A short-line railroad was built to connect to the Baltimore and Ohio Railroad, so the oil could be taken to Parkersburg, West Virginia refineries. Depending on the source, the population had grown to nearly 4,000 before disaster struck in August 1879.
A fire of suspicious origin broke out in a downtown building at 4 am and quickly spread to oil storage tanks. The wooden tanks ruptured, spreading burning oil throughout the town. Due to the remote location, difficult terrain and total lack of firefighting equipment the town burned to the ground. The devastated town was never completely rebuilt. Commercial activity resumed, but the town went out of existence by the early 1950s.
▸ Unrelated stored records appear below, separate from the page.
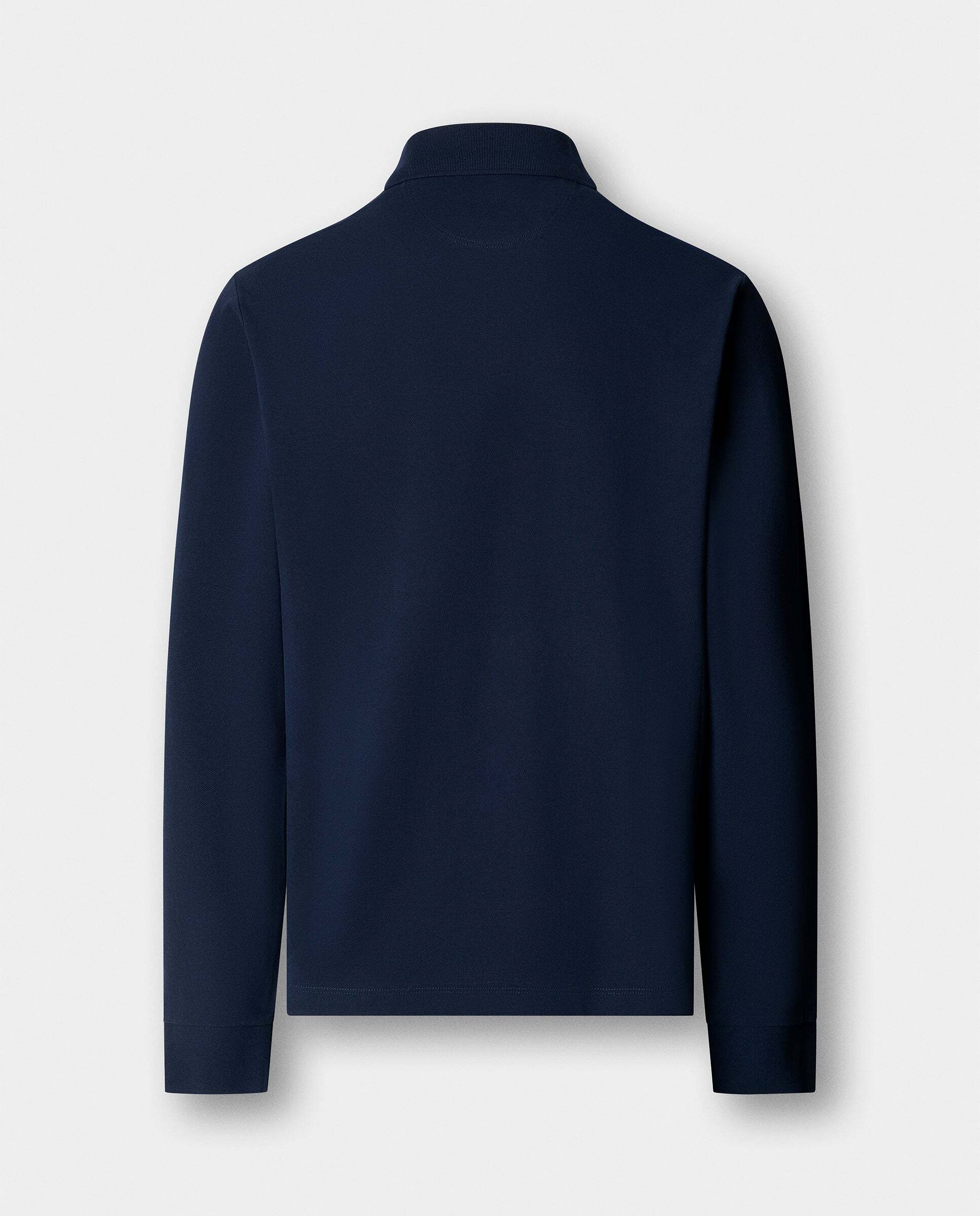 Polo de hombre manga larga con logo fit clásico - Hackett - Azul Azul-5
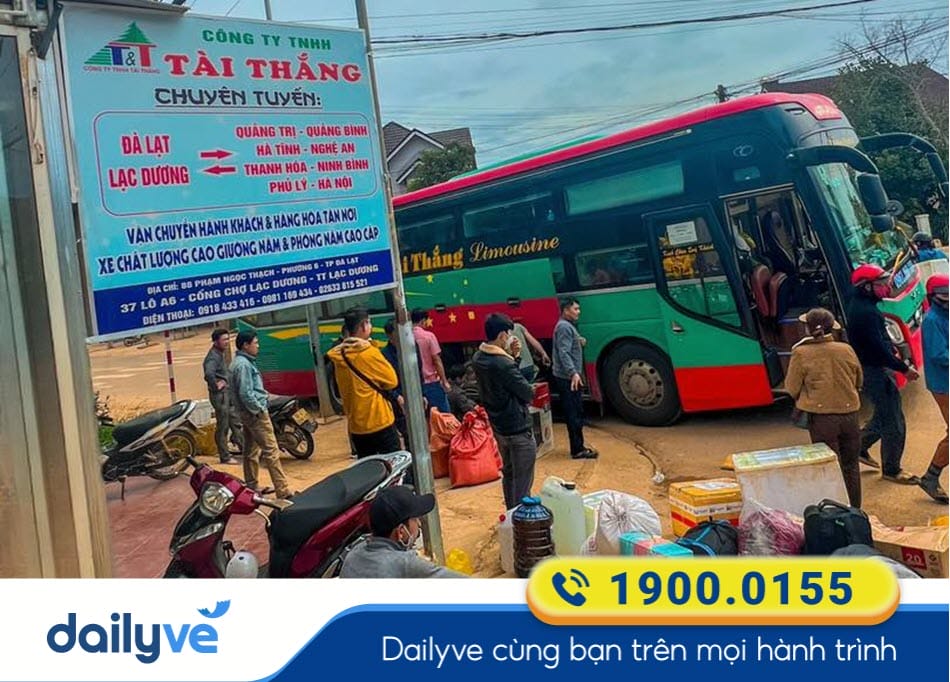 Văn phòng nhà xe Tài Thắng tại Đà Lạt - Lâm Đồng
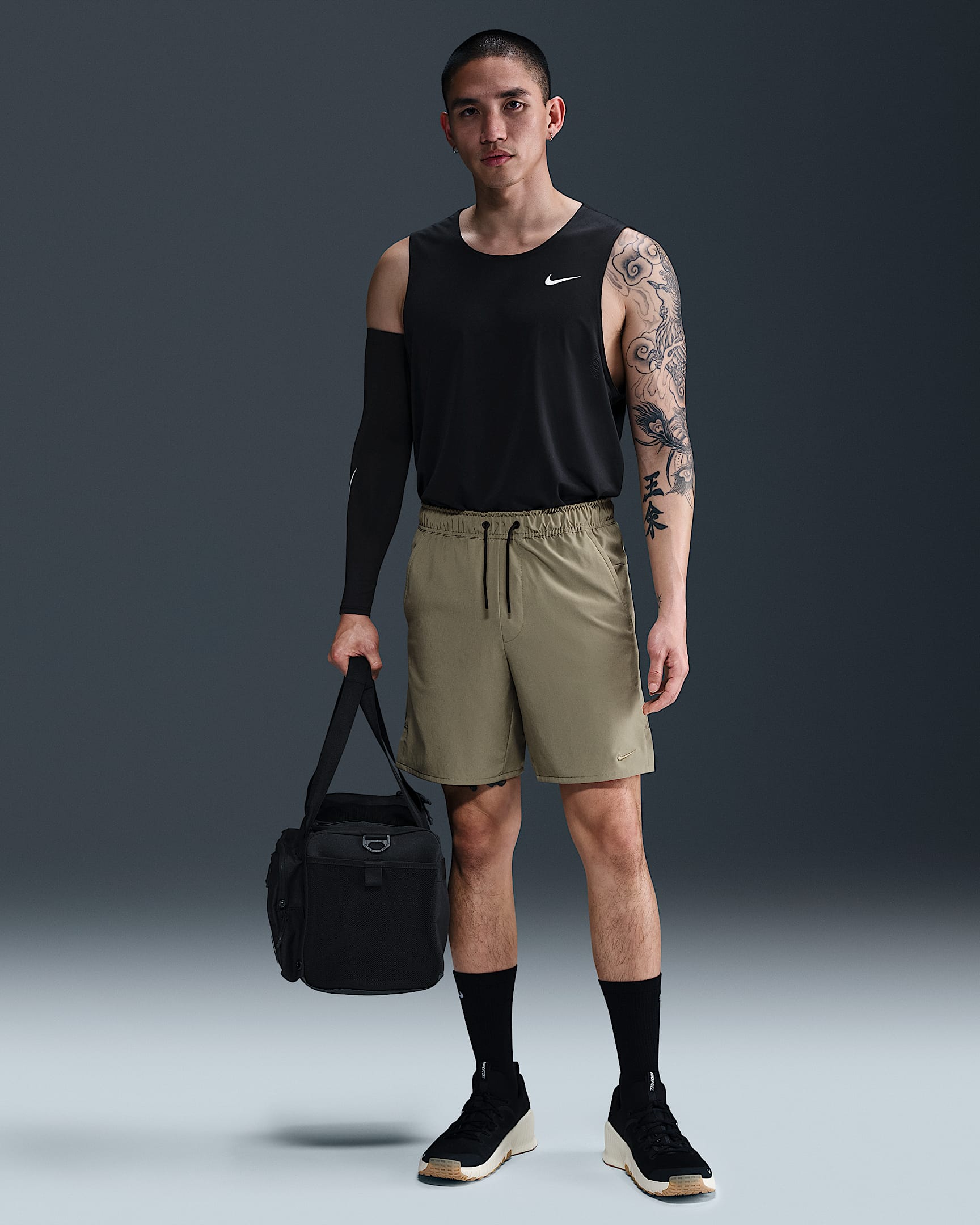 Nike Unlimited Dri-FIT 男子速干百搭短裤(无衬裤) - 浅军绿/黑/浅军绿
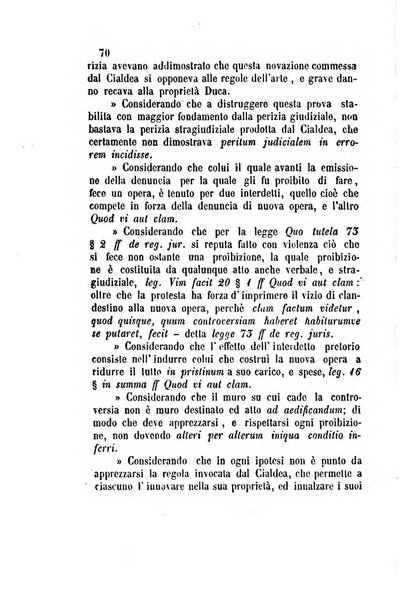 Giornale del Foro in cui si raccolgono le più importanti regiudicate dei supremi tribunali di Roma e dello Stato pontificio in materia civile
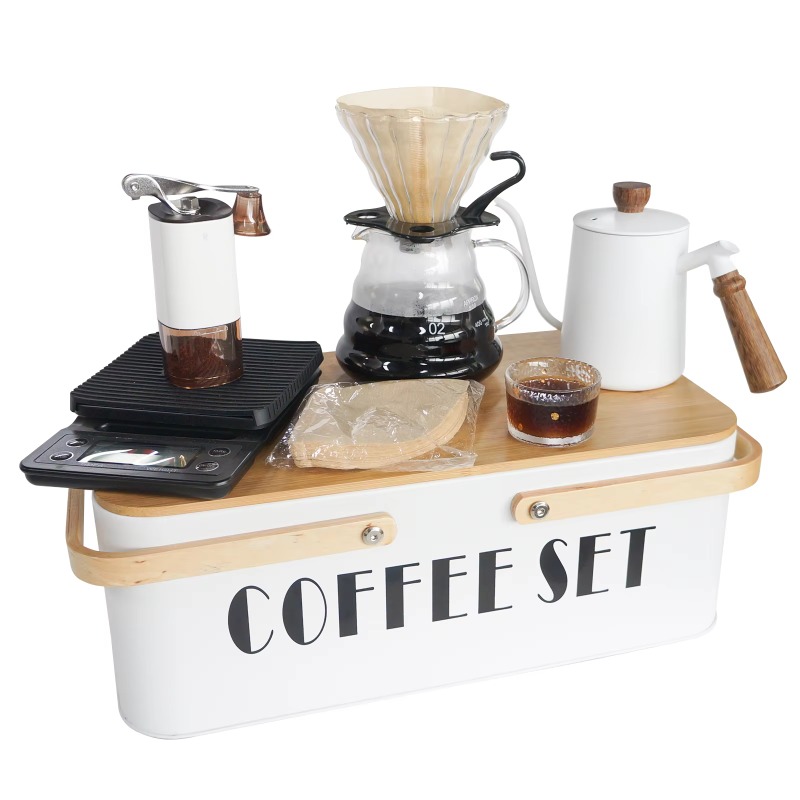 Conjunto de cafeteira portátil - Pour Pot Aluminum avaliação e preço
The town’s founder was W.C. Stiles, who devised an ingenious method of simultaneously pumping several wells using an endless cable system, adapted from the Philadelphia streetcar system. This new system was widely used by the oil industry—one of Volcano’s wells even remained in service until 1974. The ruins of his Volcano estate are part of the Mountwood State Park and are open to the public.
Know Before You Go
Visitors can reach the site of Volcano, WV by traveling east from Parkersburg, WV on US 50 for 21.5 miles. You will then take the Mountwood Park exit and follow the signs for County Road 5. In approximately three miles you will arrive at the Volcano plaque. The Stiles Estate Trailhead is a short distance from Volcano on the same road.
There is no admission and a parking area is located at the beginning of the trailhead. It is a 20 minute hike to reach the ruins of the Stiles estate. Please wear durable hiking boots, as the climb to the estate is challenging.